Was just wondering if this documentation is in pdf form? The reason I ask is because I want to search the manual and the Google Search embedded in the online manual does not seem to work. I realise I can search through the site map but this only helps me find subheadings and not all the text within the documentation.

If not PDF, are there any other ways to search the document other than using hte underlying Tbx file?

Cheers,
Jr

mwra · July 20, 2018, 12:17pm

PDF format, no. In theory, using the method to make the PDF version of TB Help. however, this TBX is more complex and it’s a project for which I just don’t have time at the moment.

The Google search is broken because of some bug in the Google indexing system which seems to think the site restricts googles bots, which it doesn’t, As the system is free, there is of course no help (or any use). If there’s anyone in the forum who’s expert in this stuff I’d love to correspond.

If you have the TBX, why not export it to you own Mac (don’t forget to download the images, in a separate zip file). Then you can use Spotlight to search the data.

PaulWalters · July 20, 2018, 12:50pm

If you export the source TBX document for aTbRef, you can use Acrobat to create a PDF from it. Use the “Create PDF from Web Page” option, and make sure you configure it to use the entire site. DO NOT USE THIS ON THE ONLINE PAGE – that will put a drag on Mark’s resources and is not polite.
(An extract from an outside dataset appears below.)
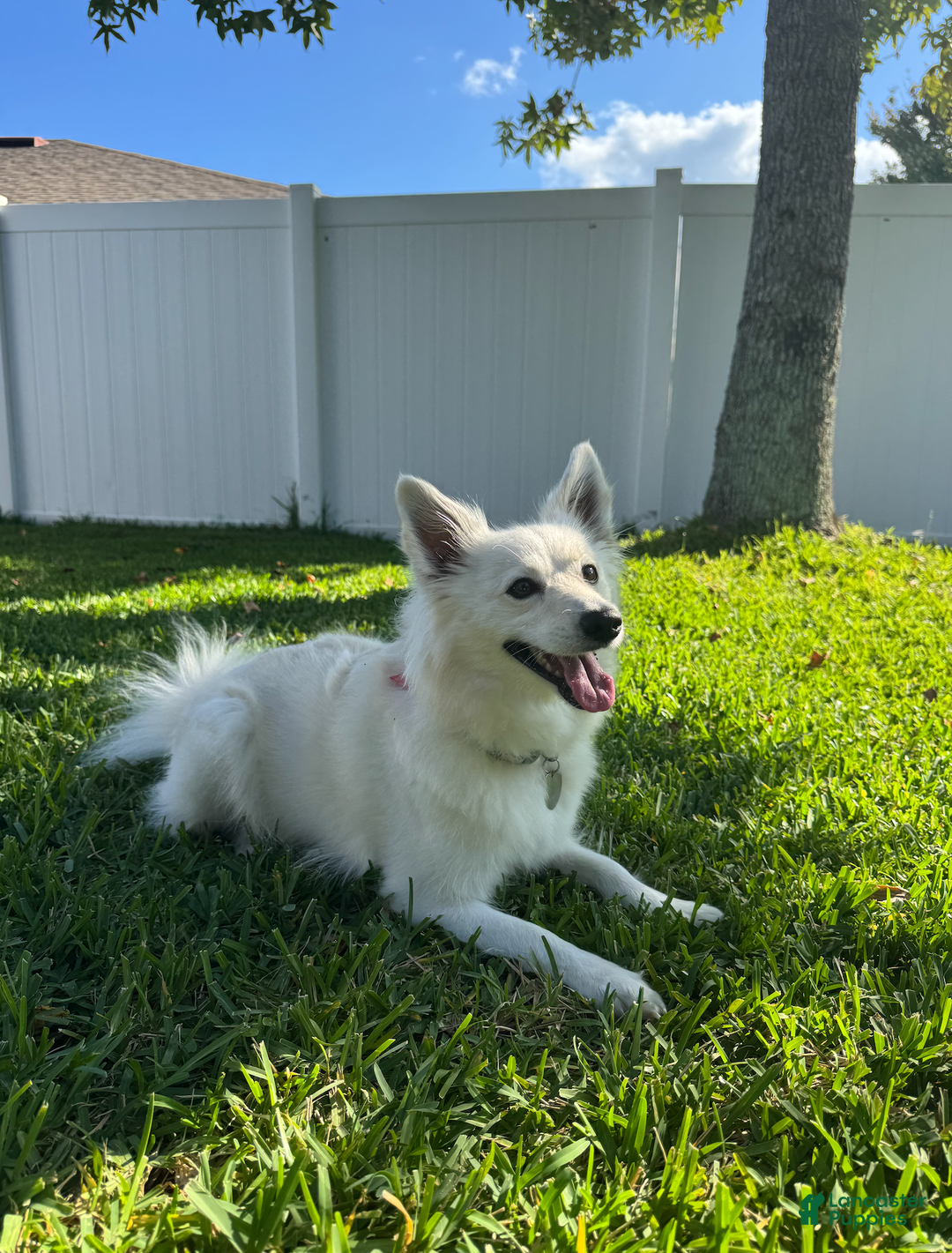 American Eskimo dogs for sale: Brie - Ad 6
The resulting PDF is paginated, with page bookmarks etc. Because the PDF is page-oriented and uses the paper size you specify (A4, Letter, etc.) it will NOT be faithful to the original website. PDFs of web pages are generally ugly – not the web page developer’s fault.

These processes – exporting aTbRef to a local folder, and creating a PDF from the contents, is very time and processor intensive. If your small machine already has issues with aTbRef then it will no doubt have greater issues with the export and convert-to-pdf processes.

mwra · July 20, 2018, 1:07pm

FWIW, if you’re just reading the TBX, if all the agents have populated you can turn agent updates off (File menu) at which point the document uses a lot less CPU resource.

Personally, i’d like google to make their indexing work as advertised, but I’ll not hold my breath.

AntonioJr · July 21, 2018, 11:26pm

Thanks Mark/Paul.

Will try turning agents off and if I still have an issue I’ll try create a PDF from the website (I have the full version of acrobat at work where I have a much better machine). I dont mind if the PDF comes out messy as I can simply use it to find what Im looking for from a search and then navigate back to the online version.

Thanks guys

PaulWalters · July 22, 2018, 8:39am

FWIW I attempted to create a PDF from a local export of the entire aTbRef-7 site using Acrobat DC Pro. Acrobat churned away for 10 hours, when I gave up and aborted the process after a several GB file had been produced. I’m on a very fast, top of line MacBook Pro with plenty of memory and disk, so the issue is not the machine. Nor is it an issue with the aTbRef export – it is an issue with Acrobat’s limitations.

PaulWalters · July 22, 2018, 8:45am

… but there’s no need to expect reliance on Google. If you attempt this search

inheritance site:www.acrobatfaq.com/atbref7

you will get these results in various search engines:

Google – zero (offered me the dictionary definition of “inheritance”)
Bing – 9 results
DuckDuckGo – 14 results

Choose for yourself. Make a PDF. Or use a working search engine.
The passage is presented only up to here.